ILC NewsLine
Seiya Yamaguchi: introducing the new head of the Linear Collider Office at KEK

April is the season of beginnings in Japan: beginning of spring, beginning of the school year, and beginning of the business fiscal year. Tokyo is not quite in the beginning of spring yet, as snow fell on Saturday, 17 April, matching a 41-year-old record for the season's latest snowfall. Regardless of the late arrival of spring, KEK's Linear Collider Project Office kicked off the new fiscal year with a new head of the Office: Seiya Yamaguchi.


Seiya Yamaguchi,
new Head of KEK's Linear Collider Project Office.

Yamaguchi took over the office form Kaoru Yokoya, who will dedicate his work as Asian Regional Director for the Global Design Effort. Yamaguchi joined the Linear Collider Office, or LC office, as deputy head in April last year. But he is not new to the linear collider community. “I was working on the X-band linear collider R&D,” said Yamaguchi. He specialised in X-band accelerating structures and some RF components. After having worked on several KEK projects such as KEKB Injector Linac and J-PARC, he was offered the deputy job. “I think that the LC Office is a ‘special’ place in KEK for many reasons,” he said. It is special because, for instance, the ILC project is fully managed by global collaboration. “Another reason is that it is not a project with a running accelerator.” The big projects like ILC will need an extensive amount of R&D, and it is not easy to keep executing the duty with a sense of tension as when you are in a running project. “I think that would be one of the challenges we are facing,” he said.

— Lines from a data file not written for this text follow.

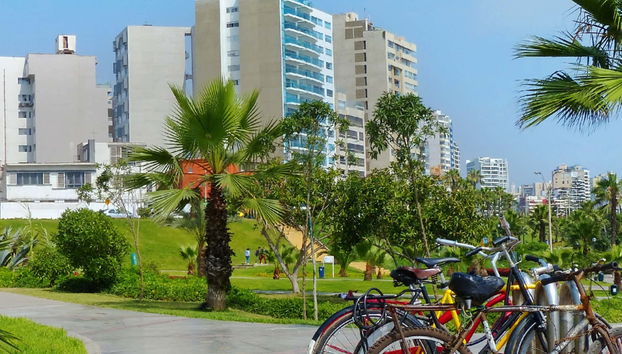 Tour de bicicleta pela Lima colonial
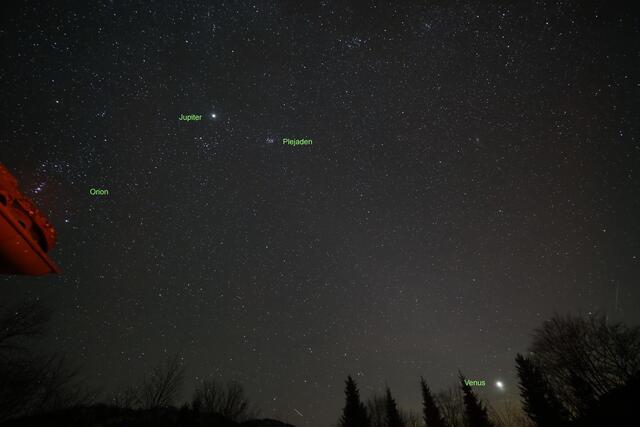 Bei vollkommener Finsternis sind am Nachthimmel über Puchenstuben sogar Planeten zu sehen.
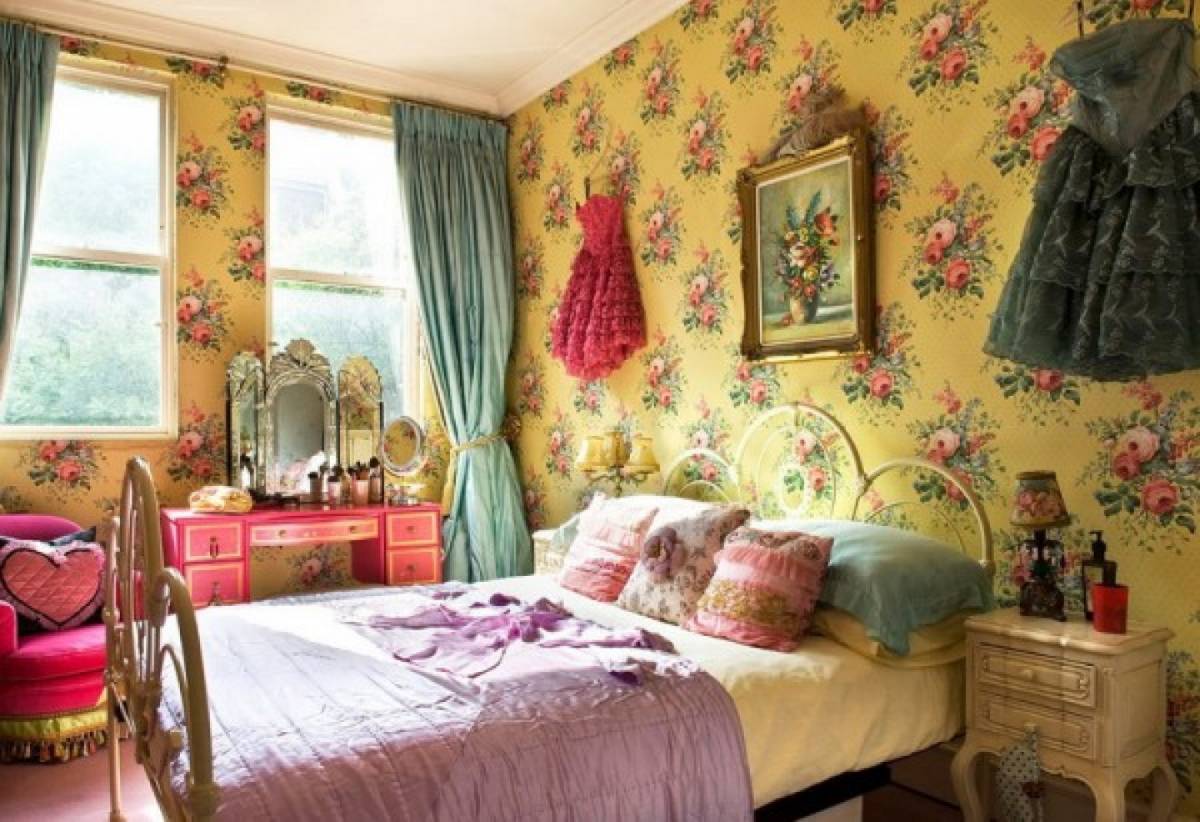 bedroom-interior-with-cool-wallpapers-12
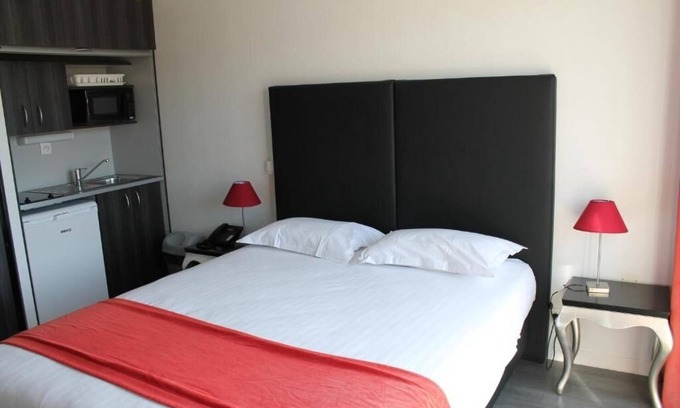 La Baule-Escoublac Hotel | Pet-friendly Property! Outdoor Swimming Pools Near Parc du Château de Careil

The main role of the LC Office is to determine and coordinate the linear collider programme at KEK. “Two major objectives are to gain technological confidence which will back up the project feasibility further, and to foster researchers who are capable of taking care of technical issues. Those are common objectives for any project, and I believe those are the most important.” As other places in the world, the Japanese science community is facing a shortfall of both budget and manpower. “Efficiency will be the key to deal with difficult situations like we have now. One of my biggest jobs is to prioritise our tasks list, and optimise budget and manpower,” said Yamaguchi. In addition to this, his tasks include monitoring of the LC-related R&D programmes at KEK, budget oversight, coordination of participation by KEK staff in GDE efforts including overseas trips, and reporting to the directorate and executive meetings at KEK.

“He is a person who makes people around him feel comfortable with his cute smile,” says Tomiko Shirakata, secretary of the LC Office. “He is kind, a good listener, and he is not a typical Japanese – he comes to the office very early and leaves early. I think it is because he makes his family a top priority,” said Shirakata. On his holidays, Yamaguchi often enjoys dining out with his two daughters. (And, that is not very typical for a Japanese father, either!)

“As everybody knows, realising the Linear Collider is not an easy task. What we need is just to keep making progress step by step. I will do what I have to do,” Yamaguchi is determined.